(Dataset excerpts)
※ ※ ※

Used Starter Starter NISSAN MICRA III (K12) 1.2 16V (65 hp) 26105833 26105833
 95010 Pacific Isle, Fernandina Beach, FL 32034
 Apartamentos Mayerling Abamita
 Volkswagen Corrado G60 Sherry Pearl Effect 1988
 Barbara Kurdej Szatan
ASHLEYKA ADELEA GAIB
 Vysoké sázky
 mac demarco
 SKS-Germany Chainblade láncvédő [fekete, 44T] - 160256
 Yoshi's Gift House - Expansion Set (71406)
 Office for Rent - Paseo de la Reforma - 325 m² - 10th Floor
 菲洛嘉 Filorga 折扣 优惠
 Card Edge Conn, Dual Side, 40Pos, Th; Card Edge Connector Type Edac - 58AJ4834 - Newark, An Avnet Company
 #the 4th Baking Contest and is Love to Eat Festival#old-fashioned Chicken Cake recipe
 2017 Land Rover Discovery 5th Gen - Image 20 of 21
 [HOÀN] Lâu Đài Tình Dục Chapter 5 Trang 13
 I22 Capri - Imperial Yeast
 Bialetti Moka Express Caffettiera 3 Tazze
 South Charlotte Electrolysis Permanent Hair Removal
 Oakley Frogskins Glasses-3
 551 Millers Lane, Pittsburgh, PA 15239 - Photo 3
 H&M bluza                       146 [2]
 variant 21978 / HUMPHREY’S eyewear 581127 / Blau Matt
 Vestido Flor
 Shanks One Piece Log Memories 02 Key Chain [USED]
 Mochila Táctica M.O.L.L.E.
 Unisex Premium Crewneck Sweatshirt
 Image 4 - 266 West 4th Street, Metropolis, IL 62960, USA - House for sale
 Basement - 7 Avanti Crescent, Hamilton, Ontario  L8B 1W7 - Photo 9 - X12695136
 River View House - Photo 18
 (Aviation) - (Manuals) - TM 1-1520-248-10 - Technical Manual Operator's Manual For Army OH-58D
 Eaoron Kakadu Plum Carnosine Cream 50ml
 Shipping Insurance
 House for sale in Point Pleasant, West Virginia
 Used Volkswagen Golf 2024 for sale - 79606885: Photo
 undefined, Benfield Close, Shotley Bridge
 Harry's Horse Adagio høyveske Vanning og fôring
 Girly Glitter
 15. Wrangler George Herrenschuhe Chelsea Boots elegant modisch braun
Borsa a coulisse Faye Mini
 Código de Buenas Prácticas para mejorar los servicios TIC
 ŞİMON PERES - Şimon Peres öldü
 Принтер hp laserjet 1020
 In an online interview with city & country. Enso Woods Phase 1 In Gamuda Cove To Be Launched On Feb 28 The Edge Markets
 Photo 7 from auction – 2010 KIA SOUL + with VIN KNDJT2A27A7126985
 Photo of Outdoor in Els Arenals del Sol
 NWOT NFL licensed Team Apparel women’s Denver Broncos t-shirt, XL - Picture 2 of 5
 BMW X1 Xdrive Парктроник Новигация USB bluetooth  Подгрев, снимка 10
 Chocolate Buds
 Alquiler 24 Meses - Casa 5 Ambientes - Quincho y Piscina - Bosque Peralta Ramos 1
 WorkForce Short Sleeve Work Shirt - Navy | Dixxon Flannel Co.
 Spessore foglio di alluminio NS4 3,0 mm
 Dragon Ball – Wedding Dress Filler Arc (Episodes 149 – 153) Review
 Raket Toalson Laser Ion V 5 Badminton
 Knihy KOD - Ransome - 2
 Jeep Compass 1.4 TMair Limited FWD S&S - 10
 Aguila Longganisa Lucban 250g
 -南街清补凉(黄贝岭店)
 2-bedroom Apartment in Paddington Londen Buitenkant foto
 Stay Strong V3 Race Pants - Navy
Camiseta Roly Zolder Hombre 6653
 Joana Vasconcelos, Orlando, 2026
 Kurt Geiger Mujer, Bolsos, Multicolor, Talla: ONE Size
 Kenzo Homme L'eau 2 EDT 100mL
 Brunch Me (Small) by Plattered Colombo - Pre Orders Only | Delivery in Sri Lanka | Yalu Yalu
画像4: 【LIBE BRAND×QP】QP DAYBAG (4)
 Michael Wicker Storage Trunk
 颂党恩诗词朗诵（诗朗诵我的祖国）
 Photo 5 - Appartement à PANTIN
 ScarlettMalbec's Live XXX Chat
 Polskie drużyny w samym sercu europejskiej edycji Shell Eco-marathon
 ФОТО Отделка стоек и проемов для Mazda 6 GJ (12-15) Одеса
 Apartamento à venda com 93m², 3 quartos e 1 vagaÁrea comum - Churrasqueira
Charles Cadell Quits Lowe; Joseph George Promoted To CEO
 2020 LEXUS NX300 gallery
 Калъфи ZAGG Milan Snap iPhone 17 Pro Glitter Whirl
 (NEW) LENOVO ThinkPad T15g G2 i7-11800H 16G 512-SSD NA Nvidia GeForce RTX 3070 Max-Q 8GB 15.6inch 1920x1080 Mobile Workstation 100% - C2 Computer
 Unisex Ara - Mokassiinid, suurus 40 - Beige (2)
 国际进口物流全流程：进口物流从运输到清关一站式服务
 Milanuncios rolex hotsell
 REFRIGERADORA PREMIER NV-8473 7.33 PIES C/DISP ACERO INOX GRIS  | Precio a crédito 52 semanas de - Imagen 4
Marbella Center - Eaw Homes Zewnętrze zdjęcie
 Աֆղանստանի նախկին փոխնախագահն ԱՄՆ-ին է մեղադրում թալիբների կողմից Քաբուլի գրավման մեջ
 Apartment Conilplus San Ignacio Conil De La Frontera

※ ※ ※

* _Exercise goal_: Using the entries above, quote each line verbatim from the first through the line that contains "I22 Capri - Imperial Yeast".

* _Written reply_:
Used Starter Starter NISSAN MICRA III (K12) 1.2 16V (65 hp) 26105833 26105833
 95010 Pacific Isle, Fernandina Beach, FL 32034
 Apartamentos Mayerling Abamita
 Volkswagen Corrado G60 Sherry Pearl Effect 1988
 Barbara Kurdej Szatan
ASHLEYKA ADELEA GAIB
 Vysoké sázky
 mac demarco
 SKS-Germany Chainblade láncvédő [fekete, 44T] - 160256
 Yoshi's Gift House - Expansion Set (71406)
 Office for Rent - Paseo de la Reforma - 325 m² - 10th Floor
 菲洛嘉 Filorga 折扣 优惠
 Card Edge Conn, Dual Side, 40Pos, Th; Card Edge Connector Type Edac - 58AJ4834 - Newark, An Avnet Company
 #the 4th Baking Contest and is Love to Eat Festival#old-fashioned Chicken Cake recipe
 2017 Land Rover Discovery 5th Gen - Image 20 of 21
 [HOÀN] Lâu Đài Tình Dục Chapter 5 Trang 13
 I22 Capri - Imperial Yeast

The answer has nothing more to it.